Straßburg

Städtetrip nach Frankreich? Oui! Aber es muss ja nicht immer Paris sein. Auch im stillen Elsass punktet eine romantische Hauptstadt mit Charme, Nostalgie und viel Savoir-vivre

Fundgrube für Gourmets und Städtetouristen: Straßburg, Flammkuchen und Sauerkraut gehören zusammen, wie Dortmund und sein Bier oder Ostfriesland und der Tee. Jedoch - niemand käme auf die Idee, wegen eines Biers ins Ruhrgebiet zu reisen oder für eine Tasse Tee an die Nordsee zu fahren. Ganz anders ist die Reisemotivation für Straßburg. Hier mischt sich der Gaumen in Erwartung auf ein lukullisches Menü oder einen deftigen Schmaus in die Ausflugsplanung für das östliche Frankreich ein.
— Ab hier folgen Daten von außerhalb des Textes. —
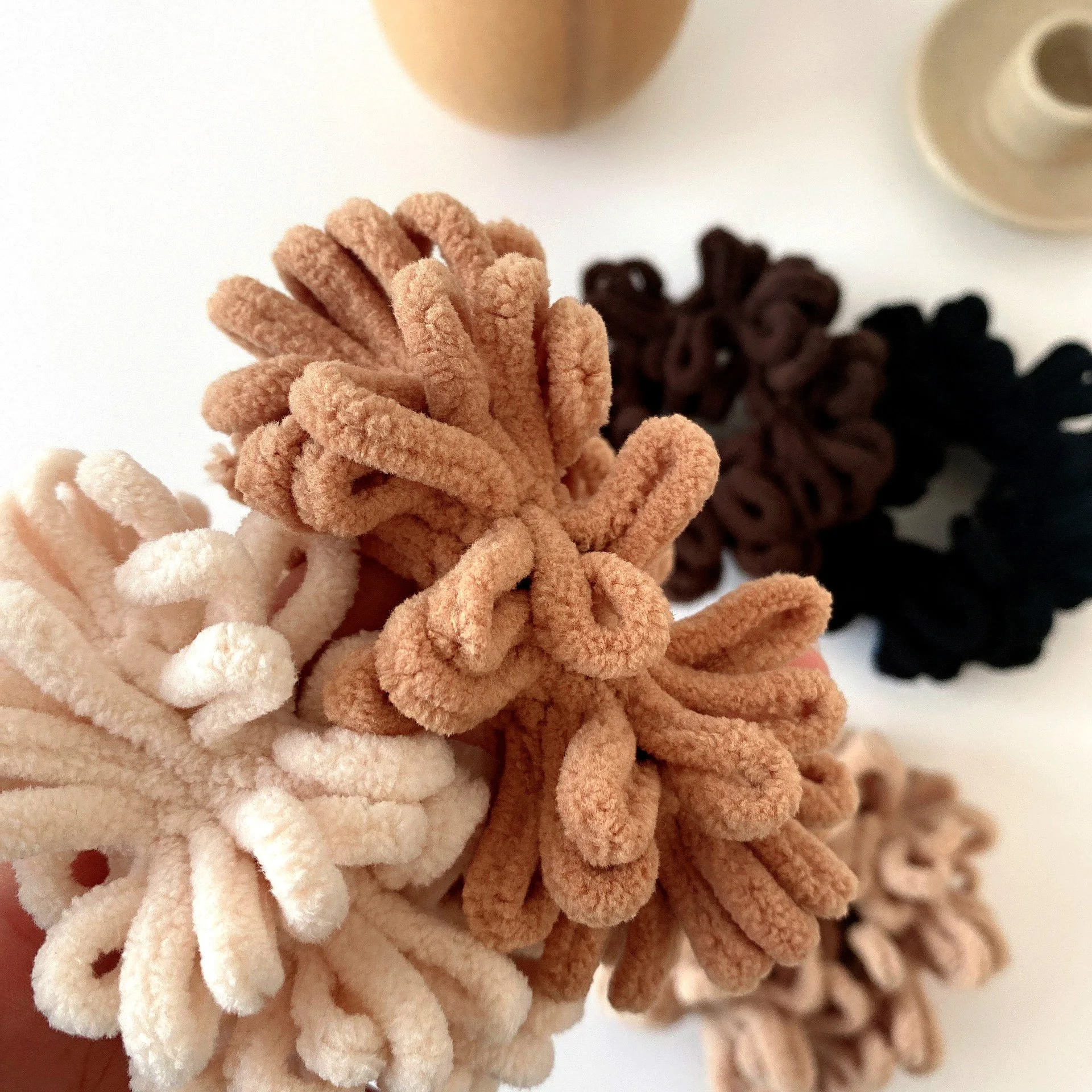 5 قطع من ربطة شعر صوفية مجعدة بطيات من القطيفة، عصابة رأس بسيطة عتيقة، ربطة شعر عالية المرونة للنساء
Strassburg Elsass Frankreich

Flusskreuzfahrt durch die Fachwerkwelt im alten Straßburg

Viele Wege führen in Straßburg zur Kunst, aber genauso viele Gäste folgen den kulinarischen Straßen. Dabei hat es die nordelsässische Hauptstadt mit ihrem farbenfrohen Gewirr von Straßen, Gassen und Wasserwegen nicht verdient, auf eine Speisekarte reduziert zu werden, die zugegeben, mit ihrer Küche Feinschmeckereien und opulentes Tafeln verspricht und auch hält.

Vor oder nach jedem Hauptgang sollte ein Stadtrundgang stehen. Aber nicht planlos in die alten Stadtteile stürzen! Wie bei einer Speisekarte empfiehlt es sich auch auf der Stadtkarte mit Bedacht auszuwählen. Selbst wer nur kurze Zeit in Straßburg ist, kann auf der richtigen Route in die verschiedenen Gesichter der Stadt blicken. Zum Beispiel vom Wasser aus: Vor dem Rohan-Palast starten Panoramaschiffe und schippern für 15 Euro, Touristen 75 Minuten lang auf der Ill durch die Altstadt.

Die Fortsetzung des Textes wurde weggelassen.